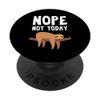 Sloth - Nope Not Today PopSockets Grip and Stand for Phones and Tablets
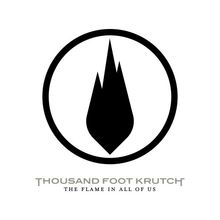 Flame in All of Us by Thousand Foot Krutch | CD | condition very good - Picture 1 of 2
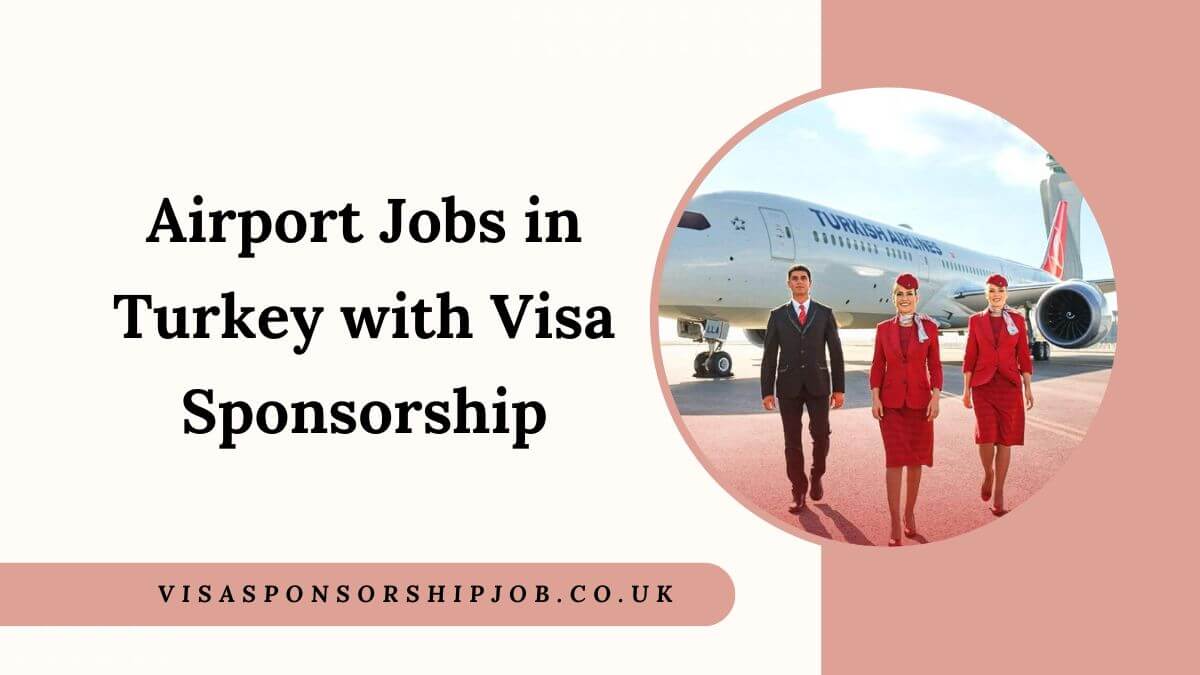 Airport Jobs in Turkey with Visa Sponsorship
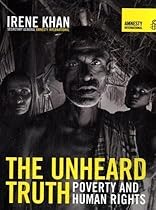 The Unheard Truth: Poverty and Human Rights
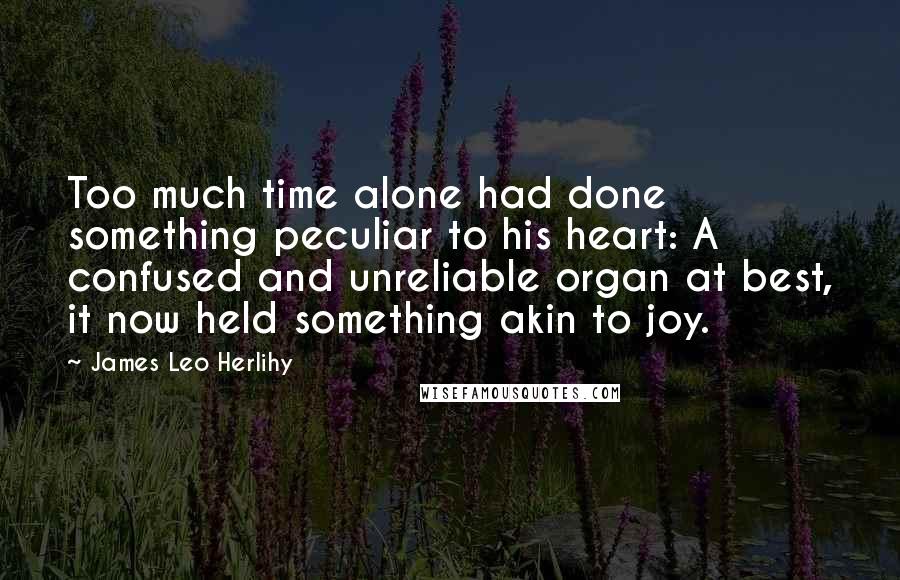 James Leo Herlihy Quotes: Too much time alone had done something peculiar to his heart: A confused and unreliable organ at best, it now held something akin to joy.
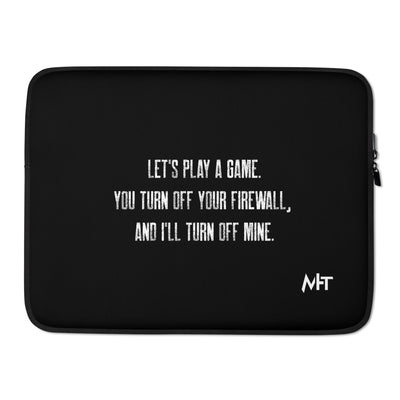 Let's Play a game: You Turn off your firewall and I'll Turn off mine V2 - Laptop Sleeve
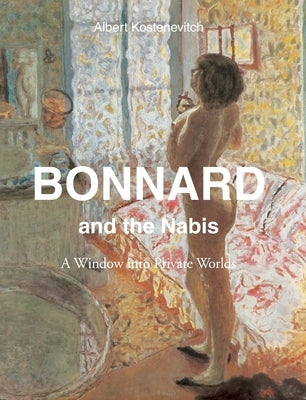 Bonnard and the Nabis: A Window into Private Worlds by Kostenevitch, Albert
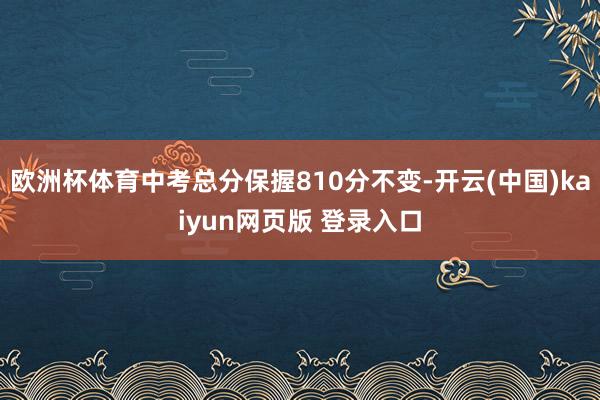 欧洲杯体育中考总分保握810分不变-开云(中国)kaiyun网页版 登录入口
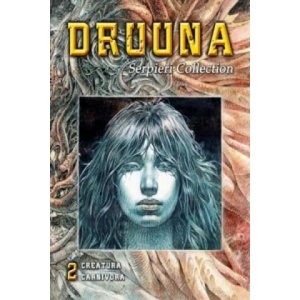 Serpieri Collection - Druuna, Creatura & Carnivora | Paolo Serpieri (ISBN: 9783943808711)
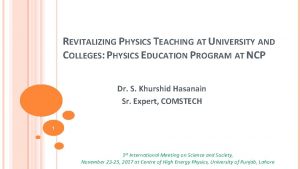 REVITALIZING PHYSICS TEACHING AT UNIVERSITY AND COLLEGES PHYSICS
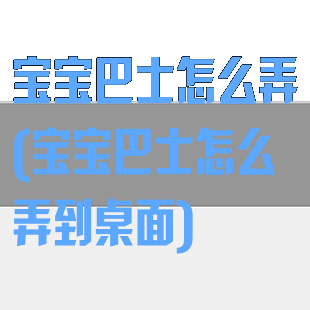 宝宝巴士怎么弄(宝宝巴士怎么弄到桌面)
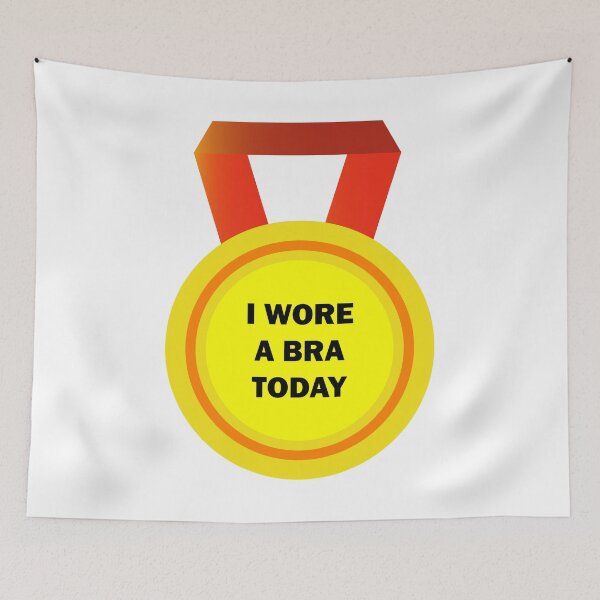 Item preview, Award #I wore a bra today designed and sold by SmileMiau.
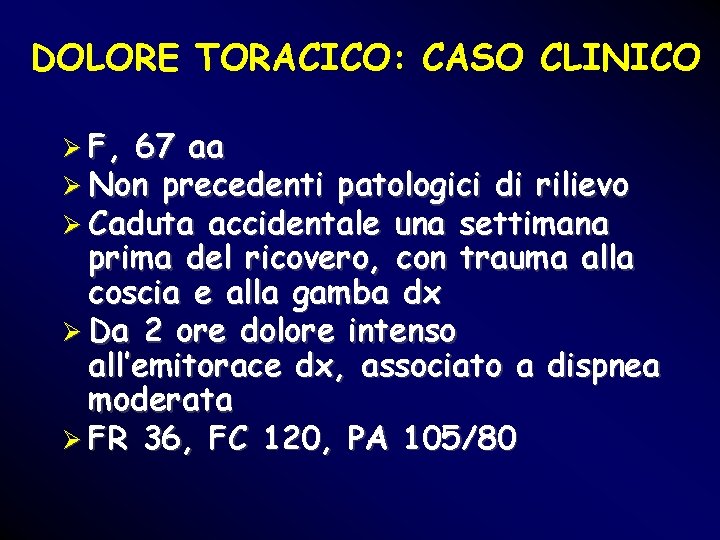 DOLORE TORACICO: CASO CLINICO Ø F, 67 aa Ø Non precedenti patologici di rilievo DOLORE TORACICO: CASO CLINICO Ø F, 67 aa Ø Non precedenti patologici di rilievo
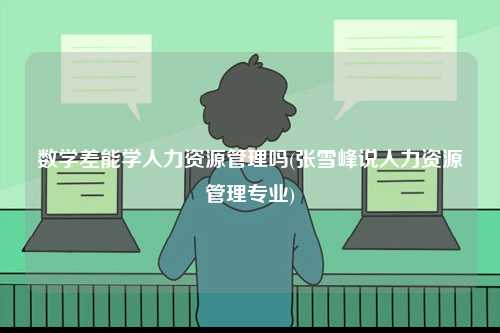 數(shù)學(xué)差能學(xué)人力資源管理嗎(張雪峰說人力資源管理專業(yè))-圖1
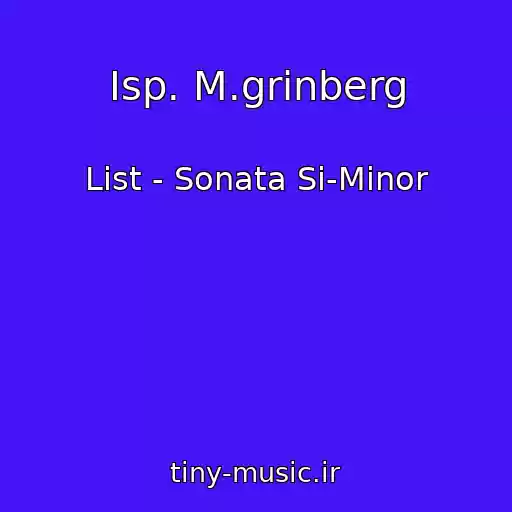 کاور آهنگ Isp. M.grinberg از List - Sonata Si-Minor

|---|

Copy back, word for word, every line between the top of the material above and the line that contains "The Unheard Truth: Poverty and Human Rights", both included, without any pictures.

 Sloth - Nope Not Today PopSockets Grip and Stand for Phones and Tablets
 Flame in All of Us by Thousand Foot Krutch | CD | condition very good - Picture 1 of 2
 Airport Jobs in Turkey with Visa Sponsorship
 The Unheard Truth: Poverty and Human Rights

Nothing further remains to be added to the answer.